I don't understand Shafarevich's description of how to define a Weil divisor from a Cartier divisor. He says that "any compatible system of functions defines a [Weil] divisor on $X$. Indeed, for a prime divisor $C$, we set $k_C=v_C(f_i)$ if $U_i\cap C\neq \emptyset $". He mentions that $k_C$ is independent of the choice of $i$ by compatibility, and thus we end up with a divisor $D=\sum k_C C$.
Does this mean that, given a Cartier divisor $(U_i, f_i)$, to define the Weil divisor we need only fix some $f=f_i$ and compute $v_C(f)$ for that $f$ only?

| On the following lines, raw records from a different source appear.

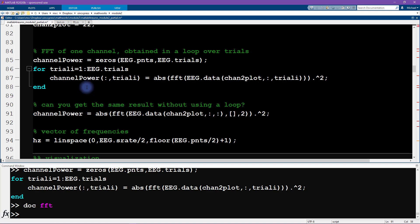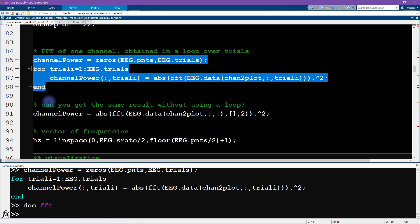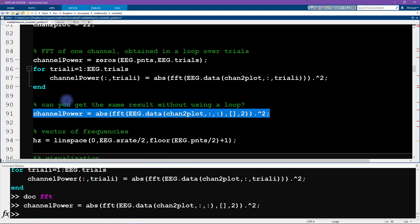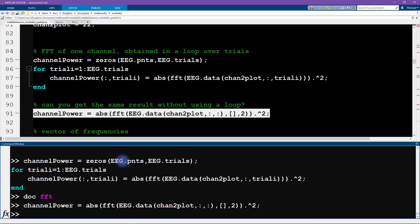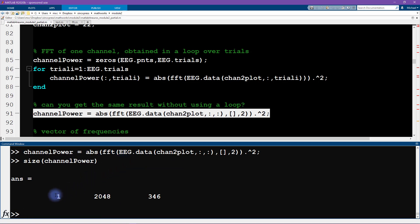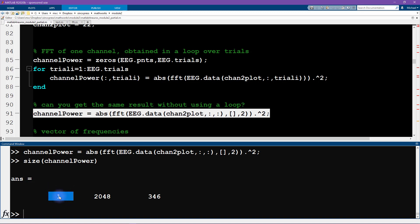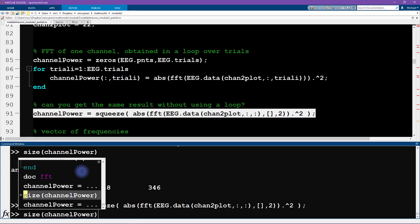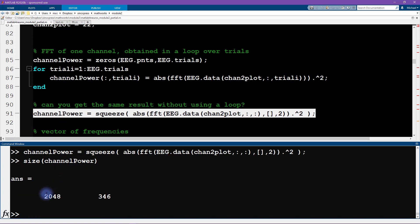Let's look at the size of this variable channel power. You can see it's actually still a three dimensional matrix, it is a one by 2000 by 346 matrix. This is called a singleton dimension, a dimension with only one element in it. This can cause some confusion later on in the code. I want to tell MATLAB to squeeze it down to get rid of this singleton dimension. The function we use is squeeze. Now we've lost the singleton dimension and this is just a two dimensional matrix.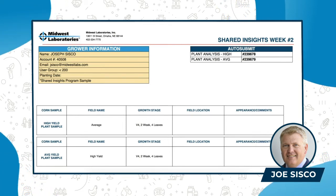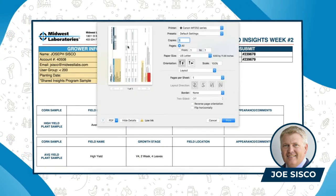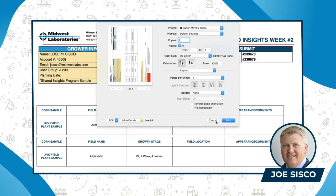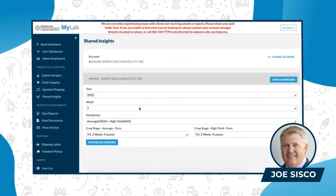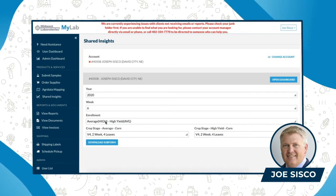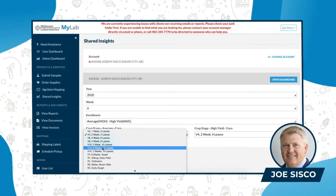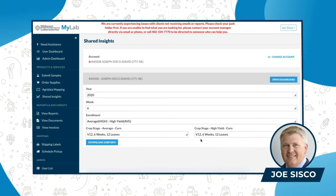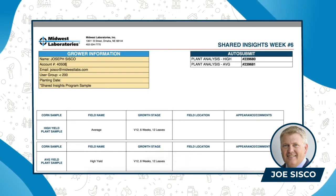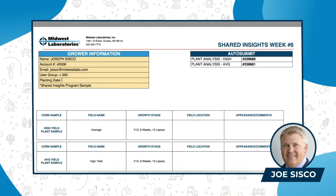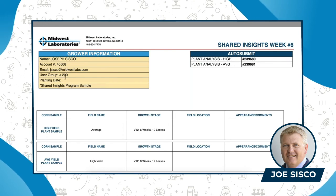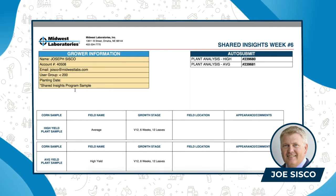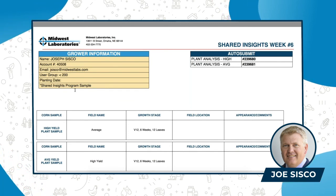You can put in a note once you print it — right here — that we'll read at the lab and make notations on your account, including field location or parent comments. You'll progress through this all the way through week six, where you're actually at V12. You'll change that growth stage according to what your crop is. Download the sub form and check everything: the grower information, your account number, your email, your user group, whether you're more or less than 200 bushels per acre, the planting date, and that it's specifically the Shared Insights program. This is the auto-submit paperwork we need to get your soil and plant tissue samples into our lab correctly.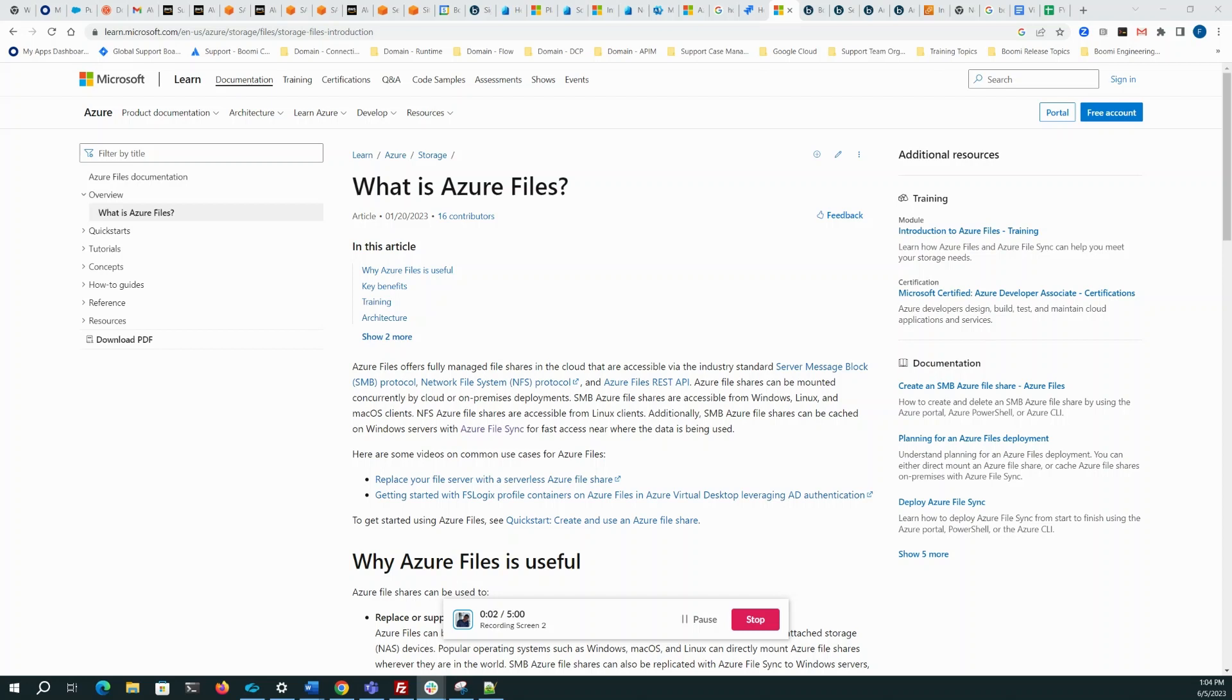Hi team. Today we're going to talk a little bit about Azure Files and why to avoid using it in a Boomi environment for the foreseeable future.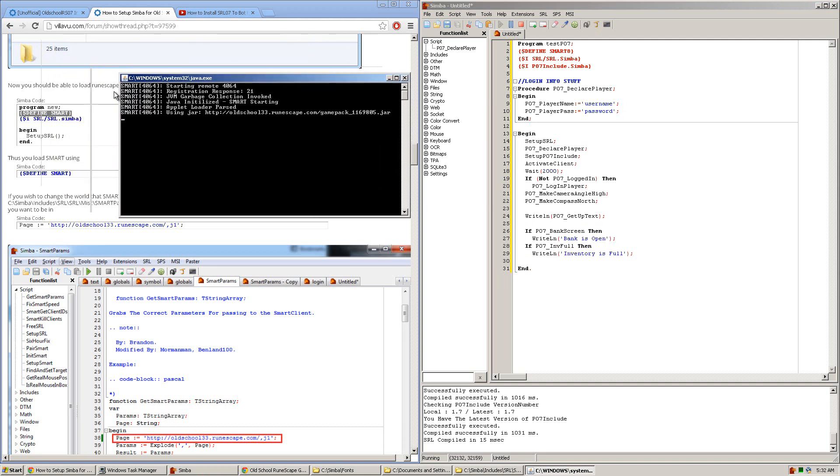And right away, you should get this command prompt right here. And what this is telling you is that it's loading the old school RuneScape server. Within about a minute or less, you should have SMART pop up and load RuneScape 07. When you run this for the first time, it might load quite slowly, but after each consecutive time running it, it will load faster.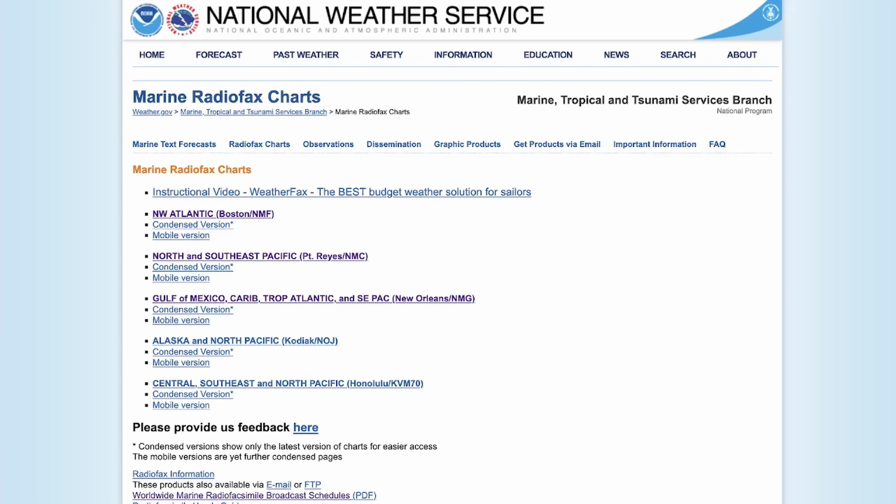The signals that you heard right at the beginning of this video are something called Marine Radio Facts Charts, and it's a product that the National Weather Service puts out.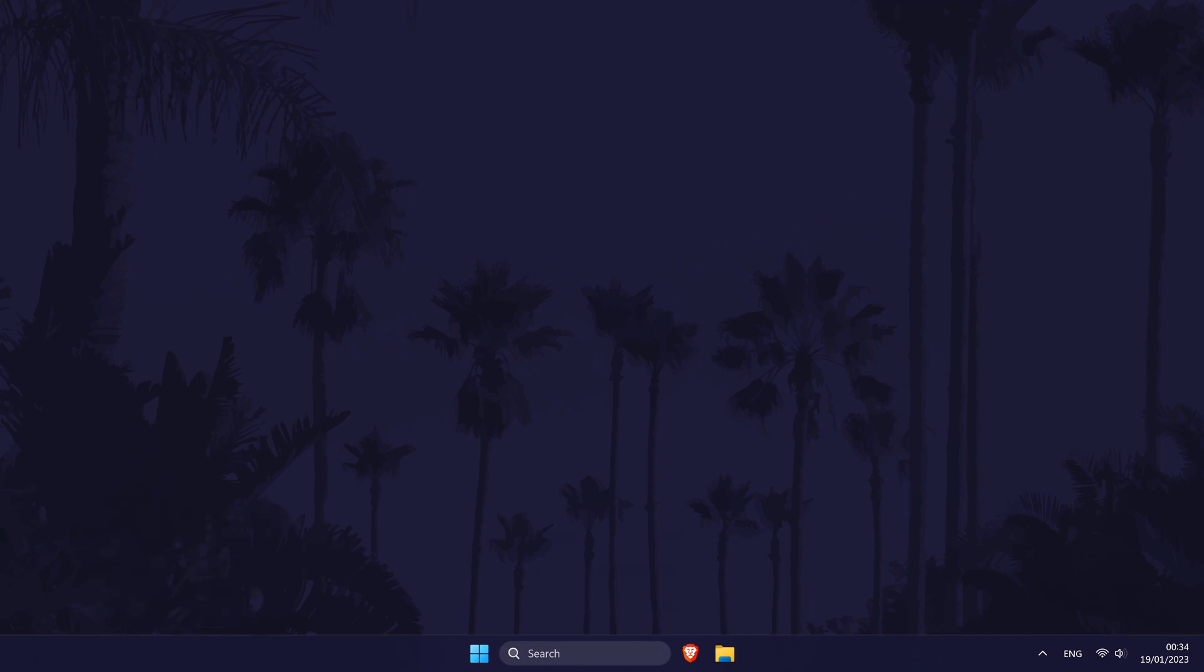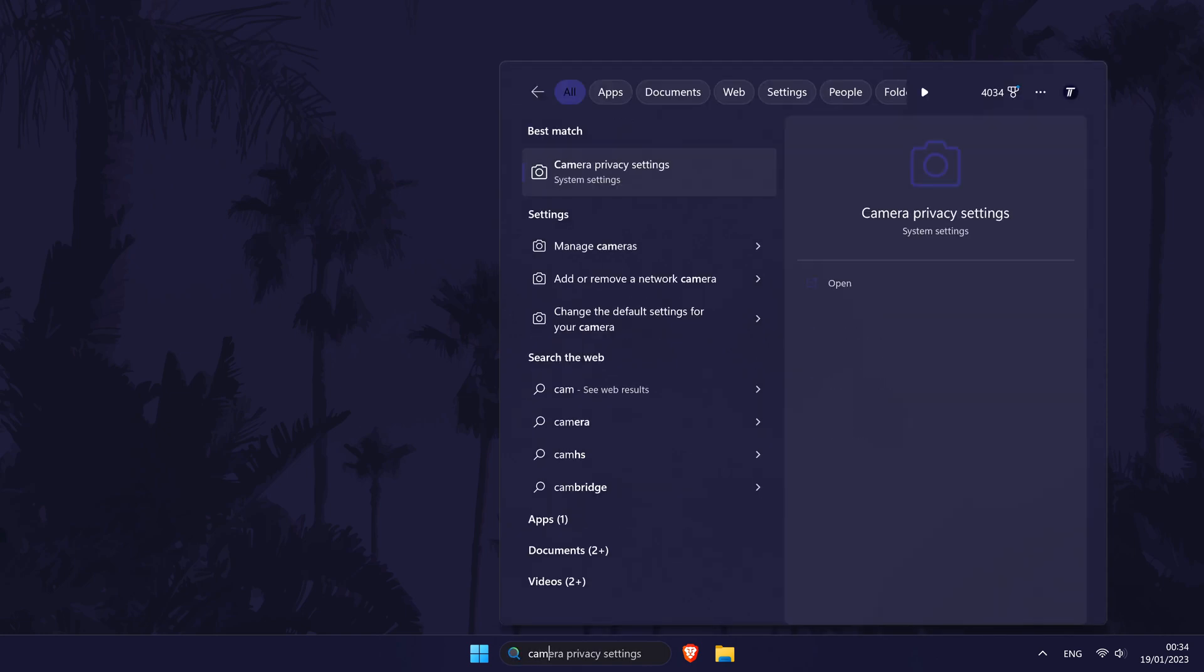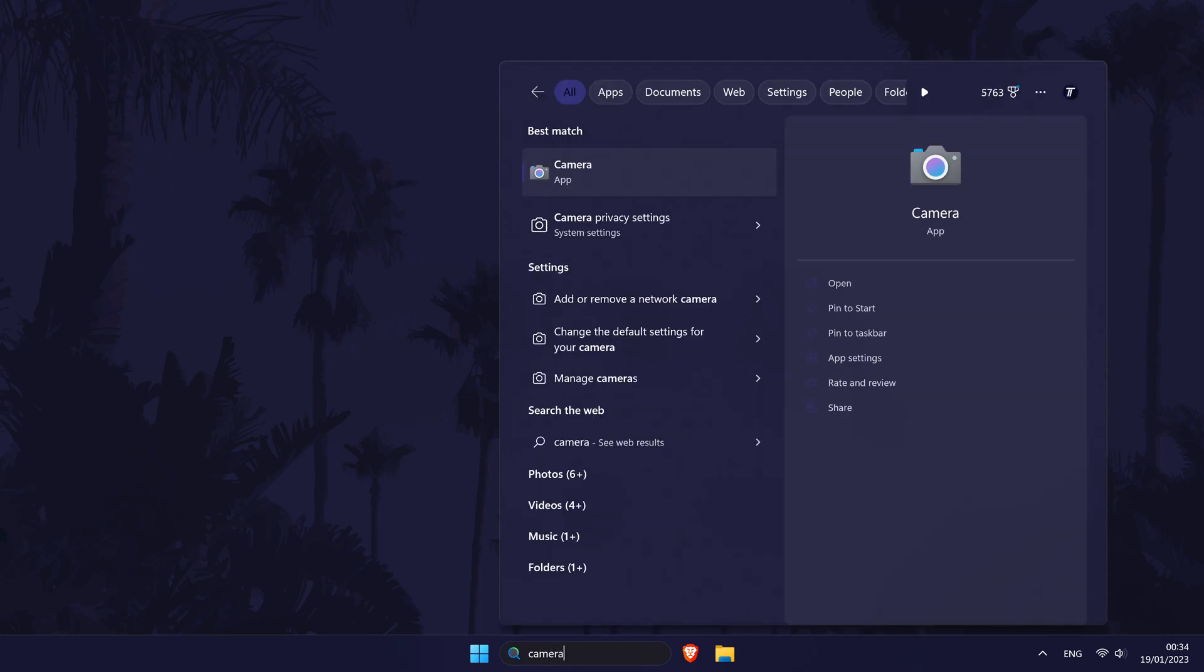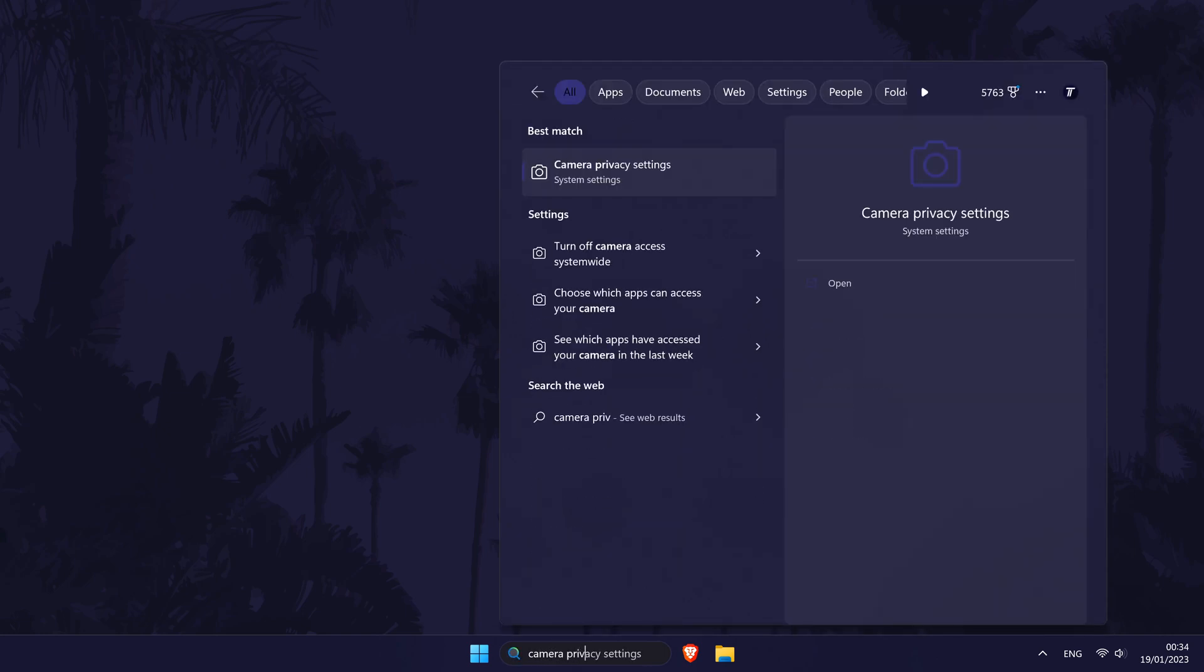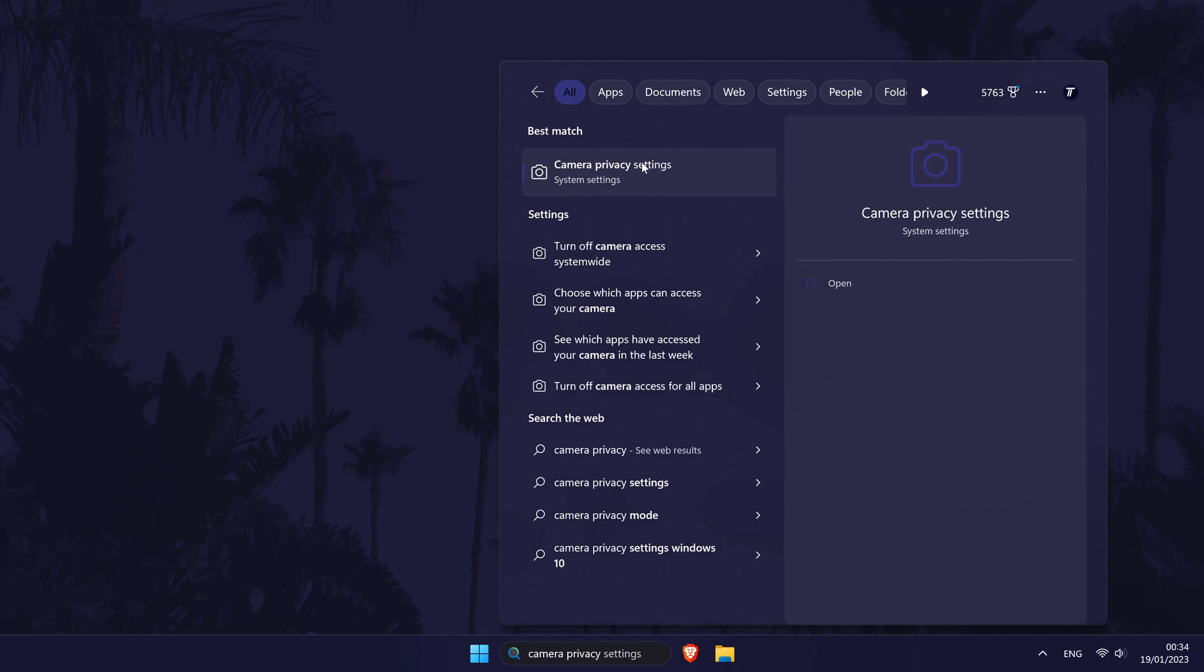To allow camera access in Windows 10 or 11, all you need to do is search for camera privacy settings in the search bar and open the settings page by clicking on it.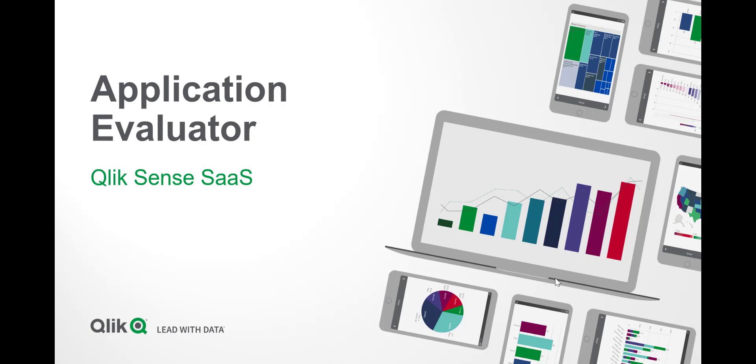This video will preview the Application Evaluator, available now in Qlik Sense SaaS.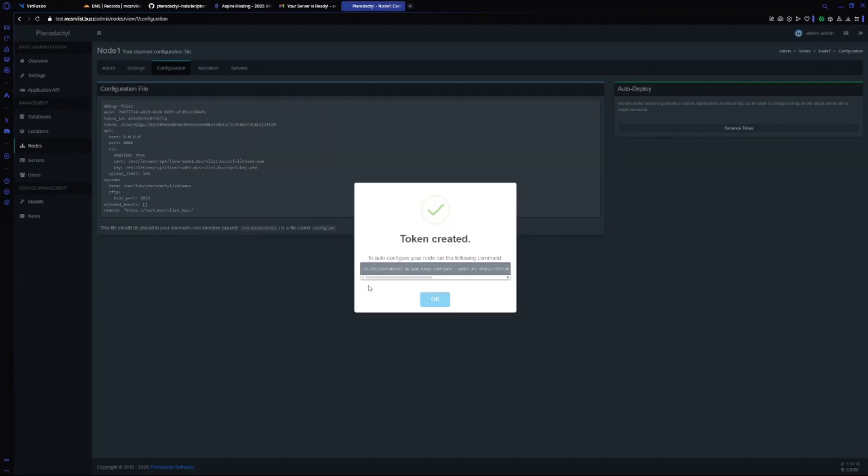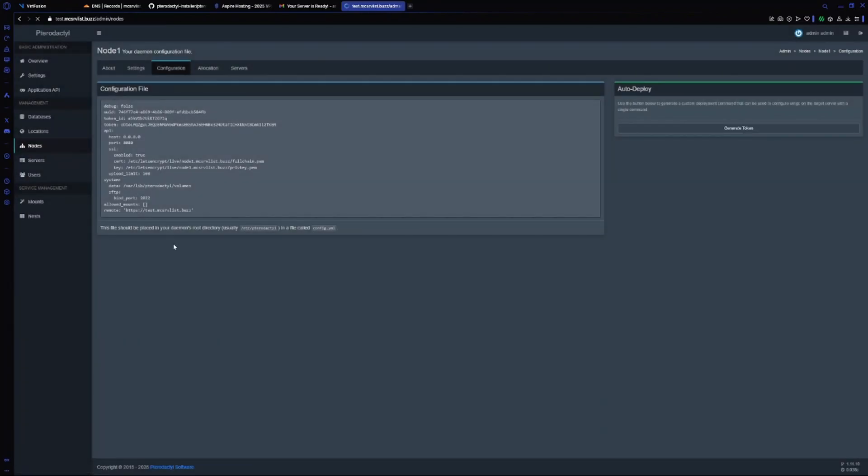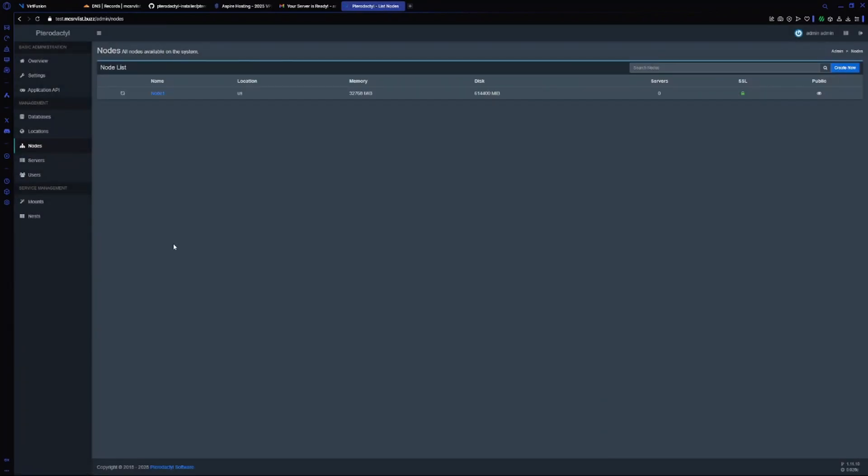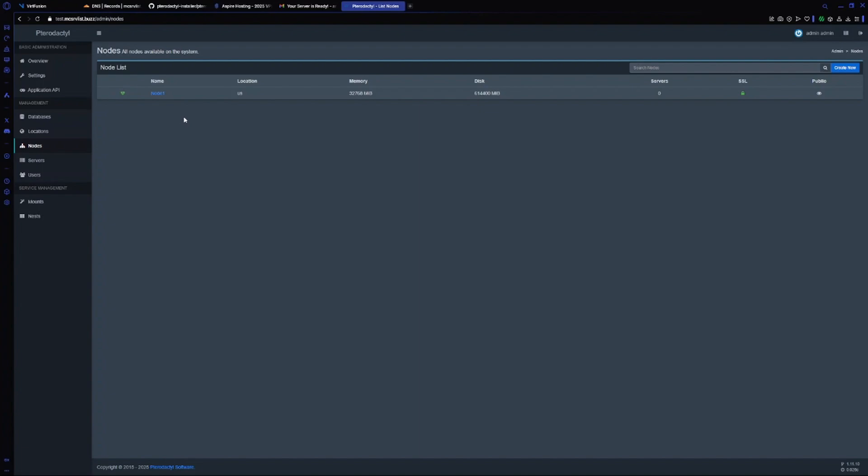Now it's done. Now do systemctl start wings and it should start our wings. Let's check. As you can see, we have gotten a green heart which means our wing is running properly.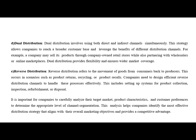Next, we have reverse distribution. Reverse distribution means the movement of goods from the customer back to the producers. This occurs in scenarios such as returns, recycling or product recalls. Companies need to design efficient reverse distribution channels to handle these processes effectively. It is very important for companies to carefully analyze the target market, product characteristics and customer preferences to determine the appropriate level of channel segmentation, helping identify the most effective distribution strategy that aligns with overall marketing objectives and provides a competitive advantage.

I was trying to do what I thought might be an easy example, but I'm having trouble with the computations. Can someone help or critique where I'm going wrong? Let $H\subseteq \mathbb{P}^2$ be a hyperplane defined by $F(X,Y,Z)=aX+bY+cZ=0$. Then $H$ is an irreducible codimension 1 subvariety and therefore $H$ is a Weil divisor. If $U_i=\mathbb A _i^2$ is the standard affine cover of $\mathbb P^2$ then we also have Cartier divisor $(U_i, f_i)$, where $f_0=F/X, f_1=F/Y, f_2=F/Z$. It would make a lot of sense that the Weil divisor determined by $(U_i, f_i)$ be equal to $H$, but it doesn't seem to be... By definition, it suffices to compute $k_C=v_C(f_0)$ for every prime divisor $C$. (What is the best way to do this?) I think the only prime divisors $C$ where $v_C(f_0)$ is nonzero are $C=H$ and $C=(X=0)$, where I've found $v_H(f_0)=1$ and $v_{(X=0)}(f_0)=-1$. Thus it seems like the Weil divisor determined by $(U_i, f_i)$ is $H-H_0$ (not $H$!), where $H_0=(X=0)$. This seems wrong to me... Can someone help?